You can see the sheer magnitude of the destruction in the above photograph. According to a February 18th story in the Tri-County Times, there were 18 apartment units, 15 of which were occupied, in the 3500 building that were involved in the fire. All apartments were either burned or suffered smoke and water damage. Several vehicles were severely damaged from the heat. According to apartment management, units had working smoke detectors and sprinkler systems.
There were 27 people living in the building and all residents have been able to obtain alternate housing. The fire chief said the estimated dollar loss is still being figured at this time and the fire remains under investigation with the Michigan State Police.
Fire investigators believe the fire began in an exterior stairwell on the west end of the building.

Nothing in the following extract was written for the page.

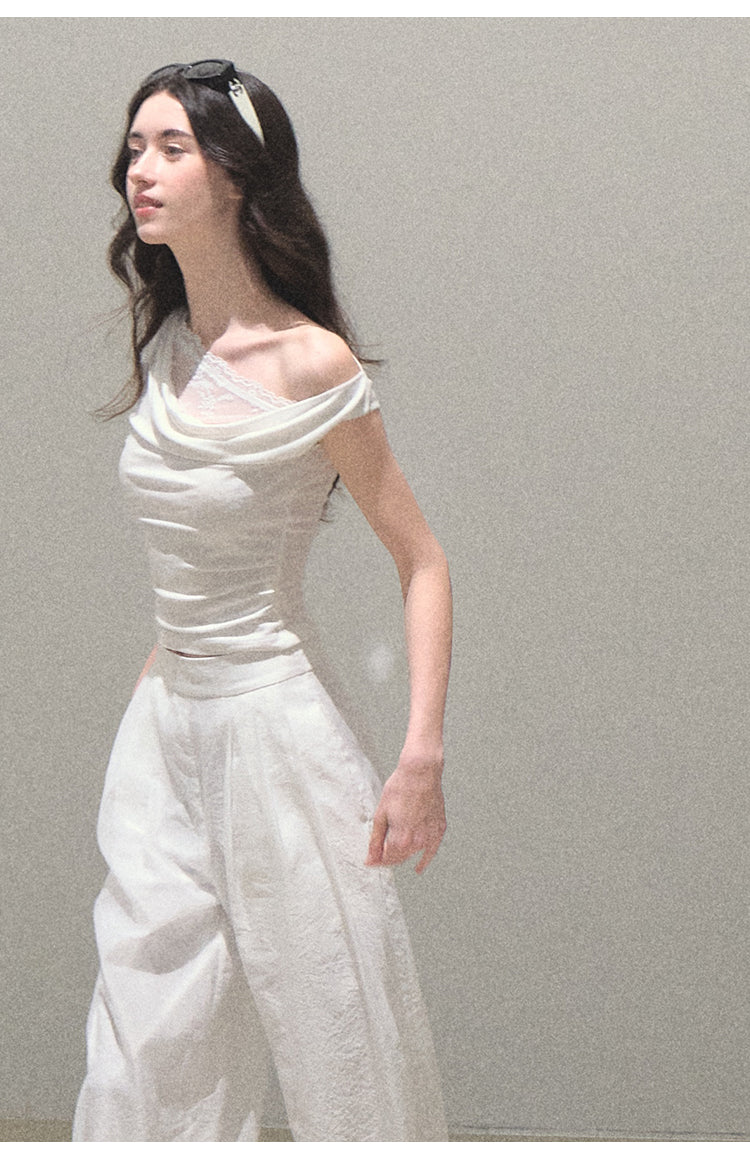 Off-Shoulder Draped Top With Lace Detail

Fire Chief Robert Cairnduff said he has heard plenty of rumors that the fire was caused by an arsonist. He said at this early stage, arson cannot be ruled out, but explained that fire investigators are leaning more toward an accidental cause. Samples of debris from where the fire is believed to have started was collected and is being analyzed to determine if any accelerants were used.
And the community opened their hearts and their wallets up so wide that on February 23rd, WJRT Channel 12 reports that the apartment management can no longer accept any more aid, because they have too much. People donated enough to fill the complex clubhouse and two apartments. The complex is donating the surplus to area churches and other charities.